If the Greenland acquisition had worked, none of the orbital plans would be necessary. You’d have conventional construction using proven techniques instead of launching rockets, established hydropower infrastructure instead of experimental solar arrays in orbit, free atmospheric cooling instead of radiative heat dissipation into vacuum. But the political window closed before the technical need became obvious. Denmark refused, Greenland refused, and the international mockery killed any serious discussion before it could develop.




The media coverage saw 18th-century colonialism and stopped there. Nobody asked the strategic question: why would you actually want the world’s largest island? From an infrastructure development perspective, not a territorial acquisition one, the proposal targeted the single best location on Earth for AI-scale computing. Not the rocks underneath. The ice on top.

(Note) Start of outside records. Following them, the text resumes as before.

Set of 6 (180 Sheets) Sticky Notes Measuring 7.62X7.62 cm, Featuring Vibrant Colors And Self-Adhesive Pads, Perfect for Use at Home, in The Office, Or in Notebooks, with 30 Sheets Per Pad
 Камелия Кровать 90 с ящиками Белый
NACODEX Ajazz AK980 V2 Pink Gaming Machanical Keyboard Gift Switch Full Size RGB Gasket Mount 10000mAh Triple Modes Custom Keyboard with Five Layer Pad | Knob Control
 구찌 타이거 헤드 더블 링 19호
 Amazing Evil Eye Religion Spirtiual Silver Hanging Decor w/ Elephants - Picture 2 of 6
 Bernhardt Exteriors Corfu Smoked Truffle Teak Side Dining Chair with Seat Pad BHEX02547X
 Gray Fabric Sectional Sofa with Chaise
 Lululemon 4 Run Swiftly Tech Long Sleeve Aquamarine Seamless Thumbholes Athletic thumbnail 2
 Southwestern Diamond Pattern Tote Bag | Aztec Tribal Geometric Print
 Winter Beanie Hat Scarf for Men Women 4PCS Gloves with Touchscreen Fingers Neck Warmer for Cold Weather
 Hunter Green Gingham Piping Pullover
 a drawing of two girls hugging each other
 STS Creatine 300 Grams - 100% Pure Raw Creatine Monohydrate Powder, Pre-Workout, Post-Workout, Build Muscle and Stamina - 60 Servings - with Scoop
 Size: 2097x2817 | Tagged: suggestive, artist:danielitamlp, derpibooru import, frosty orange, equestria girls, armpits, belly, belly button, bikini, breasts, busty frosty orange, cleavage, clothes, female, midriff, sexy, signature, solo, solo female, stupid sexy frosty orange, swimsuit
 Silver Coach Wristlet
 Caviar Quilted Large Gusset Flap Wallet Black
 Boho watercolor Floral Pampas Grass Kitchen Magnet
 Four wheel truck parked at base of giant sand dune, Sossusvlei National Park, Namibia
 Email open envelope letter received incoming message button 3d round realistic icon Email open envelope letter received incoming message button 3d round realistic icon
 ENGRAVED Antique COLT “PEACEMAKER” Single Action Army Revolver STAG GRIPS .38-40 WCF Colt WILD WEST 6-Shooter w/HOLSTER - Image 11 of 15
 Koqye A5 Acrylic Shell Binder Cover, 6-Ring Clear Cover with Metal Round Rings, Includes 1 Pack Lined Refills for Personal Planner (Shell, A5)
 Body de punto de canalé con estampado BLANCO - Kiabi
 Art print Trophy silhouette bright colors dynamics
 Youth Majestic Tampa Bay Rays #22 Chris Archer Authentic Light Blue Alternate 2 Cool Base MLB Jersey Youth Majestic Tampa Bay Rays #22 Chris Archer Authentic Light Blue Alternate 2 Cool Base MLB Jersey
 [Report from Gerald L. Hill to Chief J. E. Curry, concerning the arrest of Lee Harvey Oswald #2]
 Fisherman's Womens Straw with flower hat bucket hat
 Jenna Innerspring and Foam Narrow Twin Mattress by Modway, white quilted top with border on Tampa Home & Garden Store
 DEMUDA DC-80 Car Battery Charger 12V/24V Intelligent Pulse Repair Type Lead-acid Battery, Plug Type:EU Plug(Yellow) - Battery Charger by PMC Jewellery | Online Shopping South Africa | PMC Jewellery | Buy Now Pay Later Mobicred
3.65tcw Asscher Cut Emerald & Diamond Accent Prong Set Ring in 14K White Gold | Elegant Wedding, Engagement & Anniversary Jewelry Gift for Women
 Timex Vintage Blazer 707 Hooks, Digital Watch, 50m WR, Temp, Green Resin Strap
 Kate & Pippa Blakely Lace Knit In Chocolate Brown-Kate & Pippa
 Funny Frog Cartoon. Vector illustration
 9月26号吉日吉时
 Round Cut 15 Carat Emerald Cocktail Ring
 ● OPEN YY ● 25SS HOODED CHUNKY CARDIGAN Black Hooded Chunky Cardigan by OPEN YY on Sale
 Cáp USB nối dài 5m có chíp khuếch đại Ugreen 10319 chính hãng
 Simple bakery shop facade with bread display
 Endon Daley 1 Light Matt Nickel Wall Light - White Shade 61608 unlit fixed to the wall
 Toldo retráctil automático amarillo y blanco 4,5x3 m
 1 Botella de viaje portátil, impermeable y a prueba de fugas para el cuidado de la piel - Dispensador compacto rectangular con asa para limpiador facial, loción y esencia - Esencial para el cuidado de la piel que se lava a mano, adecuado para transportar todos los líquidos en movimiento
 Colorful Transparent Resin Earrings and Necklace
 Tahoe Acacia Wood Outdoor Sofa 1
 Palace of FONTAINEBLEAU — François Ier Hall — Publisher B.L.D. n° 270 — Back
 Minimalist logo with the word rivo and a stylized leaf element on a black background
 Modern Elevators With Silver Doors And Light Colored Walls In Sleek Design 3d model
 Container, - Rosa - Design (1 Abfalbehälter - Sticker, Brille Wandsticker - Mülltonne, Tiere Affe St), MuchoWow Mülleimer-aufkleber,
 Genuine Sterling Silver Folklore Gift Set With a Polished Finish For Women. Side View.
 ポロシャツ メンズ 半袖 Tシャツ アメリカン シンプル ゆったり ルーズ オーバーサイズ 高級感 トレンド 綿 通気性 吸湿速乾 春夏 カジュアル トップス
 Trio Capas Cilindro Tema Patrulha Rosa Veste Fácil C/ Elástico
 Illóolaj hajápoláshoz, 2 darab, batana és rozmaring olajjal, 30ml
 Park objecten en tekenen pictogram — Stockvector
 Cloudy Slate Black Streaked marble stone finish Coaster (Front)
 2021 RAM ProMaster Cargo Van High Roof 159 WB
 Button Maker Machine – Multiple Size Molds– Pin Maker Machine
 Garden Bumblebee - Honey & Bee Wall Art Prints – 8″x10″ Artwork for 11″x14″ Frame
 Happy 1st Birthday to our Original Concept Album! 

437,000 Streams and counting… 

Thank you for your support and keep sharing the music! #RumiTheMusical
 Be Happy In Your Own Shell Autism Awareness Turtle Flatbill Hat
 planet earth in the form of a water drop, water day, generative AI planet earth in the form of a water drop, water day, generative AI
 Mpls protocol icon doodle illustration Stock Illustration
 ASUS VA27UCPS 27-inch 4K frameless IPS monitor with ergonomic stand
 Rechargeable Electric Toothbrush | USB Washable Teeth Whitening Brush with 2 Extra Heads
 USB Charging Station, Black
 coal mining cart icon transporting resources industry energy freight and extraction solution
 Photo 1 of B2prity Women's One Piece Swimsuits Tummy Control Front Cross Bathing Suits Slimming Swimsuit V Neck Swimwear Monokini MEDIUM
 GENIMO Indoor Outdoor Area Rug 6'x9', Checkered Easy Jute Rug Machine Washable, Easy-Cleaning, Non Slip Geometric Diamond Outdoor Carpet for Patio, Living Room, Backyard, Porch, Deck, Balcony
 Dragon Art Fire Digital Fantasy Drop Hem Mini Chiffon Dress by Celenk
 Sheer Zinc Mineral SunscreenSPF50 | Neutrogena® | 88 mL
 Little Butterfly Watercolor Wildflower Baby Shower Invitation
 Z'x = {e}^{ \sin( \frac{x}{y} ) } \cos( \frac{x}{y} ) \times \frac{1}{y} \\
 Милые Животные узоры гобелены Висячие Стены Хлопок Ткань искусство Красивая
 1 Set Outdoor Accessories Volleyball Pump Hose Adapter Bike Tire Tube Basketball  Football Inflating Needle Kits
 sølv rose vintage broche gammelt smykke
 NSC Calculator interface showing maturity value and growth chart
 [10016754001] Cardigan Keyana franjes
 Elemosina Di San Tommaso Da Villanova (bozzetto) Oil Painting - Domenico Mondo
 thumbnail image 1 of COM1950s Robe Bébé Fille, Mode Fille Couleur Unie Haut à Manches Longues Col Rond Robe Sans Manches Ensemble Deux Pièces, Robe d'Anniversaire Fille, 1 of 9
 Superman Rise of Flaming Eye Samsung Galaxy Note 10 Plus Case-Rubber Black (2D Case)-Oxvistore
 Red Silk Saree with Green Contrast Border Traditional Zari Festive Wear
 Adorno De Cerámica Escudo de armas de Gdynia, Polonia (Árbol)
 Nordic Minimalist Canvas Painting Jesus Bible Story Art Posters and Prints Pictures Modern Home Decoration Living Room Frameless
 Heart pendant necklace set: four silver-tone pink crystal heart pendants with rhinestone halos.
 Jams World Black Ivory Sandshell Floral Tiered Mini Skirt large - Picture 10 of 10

The genius wasn’t intentional, and the mockery wasn’t wrong about the political problems. But the underlying logic was exactly right, just arriving six years before the world was ready to understand why it mattered.
More people will figure this out now. The orbital announcements make Greenland’s advantages obvious in retrospect: when building rockets and launching them into space becomes the easier path than negotiating with Denmark over Arctic infrastructure, perhaps the original negotiation starts looking more reasonable. The discussion might reopen. The physics haven’t changed, the need has only grown, and Plan B is expensive enough that Plan A starts looking smart again.